Ogoun February 15, 2012 at 14:34

Regular Network Point Clustering

In this article, I will consider two algorithms, the first - directly clustering, the second - the construction of the contour of the cluster in the form of a convex polygon, an applied task for improved perception of the result.

Clustering

In general, the law with this area is quite superficial, so it is expected that such an algorithm has long existed and is somehow named, if anyone knows, please enlighten.

Input data

Point coordinates are just an array of two-dimensional coordinates
R - The maximum distance between points in a cluster - the main indicator for building a cluster
k - Grid coefficient - degree for the number 2, by which the side of the network cell is calculated: a = 2 ^ k

For the algorithm to work effectively, the following condition should be observed:
R <2 ^ k, or modify the algorithm.

Algorithm

Comparison of coordinates of points with cells of a regular network.
Xr = x >> k
Yr = y >> k, where k is the grid coefficient, >> is the bitwise offset. Due to the absence of the division operation at this step, a good gain in speed is obtained. The result of this step will be a dictionary of the form:
[coordinates of the network cell]: [links to points related to this cell]
Building clusters in one pass on points:
- The next point is taken, if it is not tied to a cluster, a new cluster is created and a point is added to it, a link to the cluster is affixed at the point itself.
- A list of cells is taken; it includes: a cell with a point and neighboring cells.
- All points in cells from the received list are selected.
- The distance between the current point and the one checked from the list is found, if the distance <= R then two cases are possible
  - the tested point is not yet included in the cluster => the point is entered in the same cluster as the current point
  - the point being checked already belongs to some cluster that is different from the current => cluster with a large number of points absorbs a cluster with a smaller one.

The result of the work will be a set of clusters in each of which the distance between the points does not exceed R, something like this:

Or more clearly this way: The

points of one cluster are indicated by the same color.

Circuit

It works, but I want to look at the result in a more attractive way, the easiest way, to select the clatter by a contour, preferably in the form of a convex polygon.
The main tool is vector multiplication by three points:


 public static int CrossLinePoint(ClusterPoint l1, ClusterPoint l2, ClusterPoint p)
    {
      return (p.X - l2.X) * (l2.Y - l1.Y) - (p.Y - l2.Y) * (l2.X - l1.X);
    }

If the result of the function is less than 0, then the bend at the midpoint goes clockwise, if more than 0, then against, if it is 0, there is no bend. The meaning itself is not important, only the sign is important.

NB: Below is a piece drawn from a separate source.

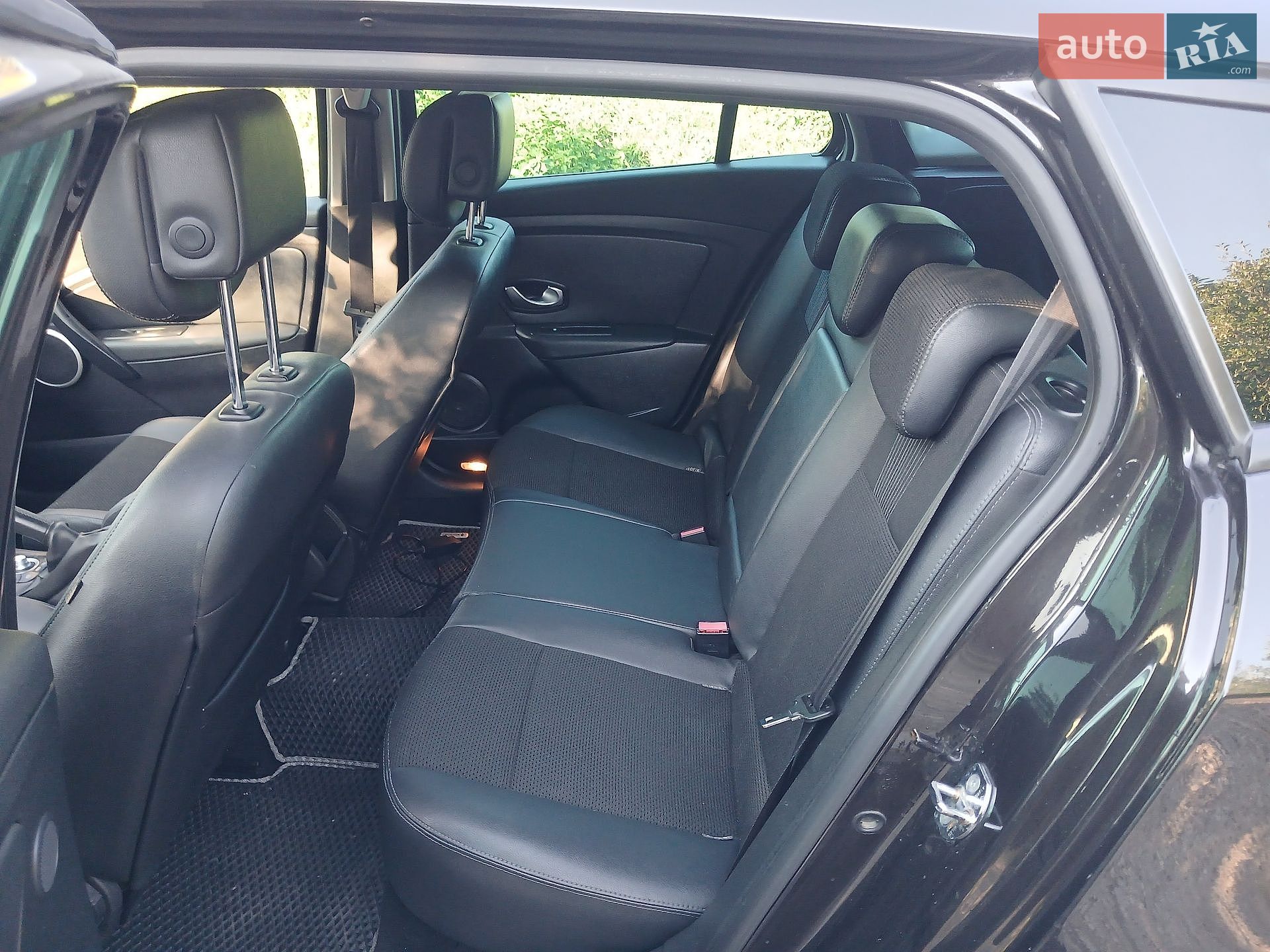 Renault Megane 2010 VIN VF1KZ1G0643146431 фото оголошення 18 з 24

The algorithm consists of only two steps.

Descriptive outline selection

The center of mass of the cluster is found, without taking into account the weight coefficients. Those. they simply add up all the coordinates, separately in x and y, and are divided by the number of points in the cluster, the obtained coordinates [Xc; Yc] will be the center of mass of the cluster.
We search for the three points furthest from the center of mass that form the initial contour.
The remaining points are sorted, and for each entry into the initial contour is checked, if the point enters it, nothing happens, if outside, it becomes part of the contour.
When adding a point to the contour, the array of contour points is sorted; the angle from the polar coordinates of the point, where the center of coordinates of the cluster acts as the center of coordinates, is taken as the value for sorting.
The result will be a broken contour describing the points that make up the cluster, and the points in the contour are already ordered clockwise relative to the center of mass.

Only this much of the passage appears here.